In R, I used polyroot() to solve as follows:
# initial positions
POS_A=matrix(c(0,0),2,1)
POS_B=matrix(c(2,0),2,1)
# initial velocities
VEL_A=matrix(c(sqrt(2)/2,sqrt(2)/2),2,1)
VEL_B=matrix(c(-sqrt(2)/2,sqrt(2)/2),2,1)
# acceleration
ACC_A=matrix(c(sqrt(2)/2,sqrt(2)/2),2,1)
ACC_B=matrix(c(0,0),2,1)
# radii
r_A=.25
r_B=.25
# deltas
D_POS=POS_B-POS_A
D_VEL=VEL_B-VEL_A
D_ACC=ACC_B-ACC_A
# quartic coefficients
z=c(t(D_POS)%*%D_POS-r*r, 2*t(D_POS)%*%D_VEL, t(D_VEL)%*%D_VEL+t(D_POS)%*%D_ACC, t(D_ACC)%*%D_VEL, .25*(t(D_ACC)%*%D_ACC))
# get roots
roots=polyroot(z)
# In this case there are only two real roots...
root1=as.numeric(roots[1])
root2=as.numeric(roots[2])
# trajectory over time
pos=function(p,v,a,t){
T=t(matrix(t,length(t),2))
return(t(matrix(p,2,length(t))+matrix(v,2,length(t))*T+.5*matrix(a,2,length(t))*T*T))
}
# plot A in red and B in blue
t=seq(0,2,by=.1) # from 0 to 2 seconds.
a1=pos(POS_A,VEL_A,ACC_A,t)
a2=pos(POS_B,VEL_B,ACC_B,t)
plot(a1,type='o',col='red')
lines(a2,type='o',col='blue')
# points of a circle with center 'p' and radius 'r'
circle=function(p,r,s=36){
e=matrix(0,s+1,2)
for(i in 1:s){
e[i,1]=cos(2*pi*(1/s)*i)*r+p[1]
e[i,2]=sin(2*pi*(1/s)*i)*r+p[2]
}
e[s+1,]=e[1,]
return(e)
}
# plot circles with radius r_A and r_B at time of collision start in black
lines(circle(pos(POS_A,VEL_A,ACC_A,root1),r_A))
lines(circle(pos(POS_B,VEL_B,ACC_B,root1),r_B))

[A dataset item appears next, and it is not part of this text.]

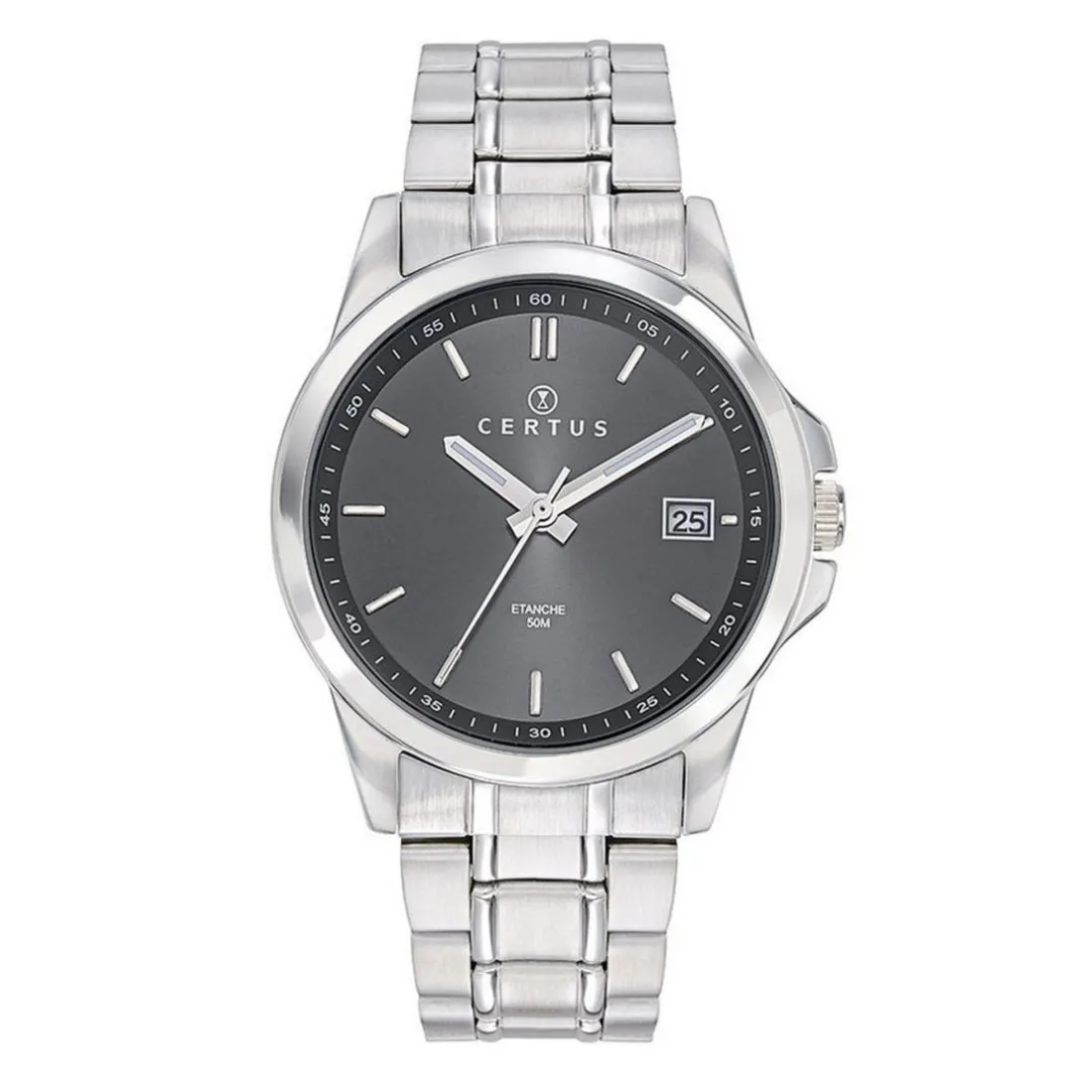 Montre Homme Certus - 616507 Bracelet Acier Argent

# plot circles with radius r_A and r_B at time of collision stop in gray
lines(circle(pos(POS_A,VEL_A,ACC_A,root2),r_A),col='gray')
lines(circle(pos(POS_B,VEL_B,ACC_B,root2),r_B),col='gray')

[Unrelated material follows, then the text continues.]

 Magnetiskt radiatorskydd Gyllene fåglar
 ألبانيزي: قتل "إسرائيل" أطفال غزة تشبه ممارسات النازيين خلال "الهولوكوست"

Object A follows the red trajectory from the lower left to the upper right. Object B follows the blue trajectory from the lower right to the upper left. The two objects collide continuously between time 0.9194381 and time 1.167549. The two black circles just touch, showing the beginning of overlap - and overlap continues in time until the objects reach the location of the gray circles.
Seems like you want the Closest Point of Approach (CPA). If it is less than the sum of the radiuses, you have a collision. There is example code in the link. You can calculate each frame with the current velocity, and check if the CPA time is less than your tick size. You could even cache the cpa time, and only update when acceleration was applied to either item.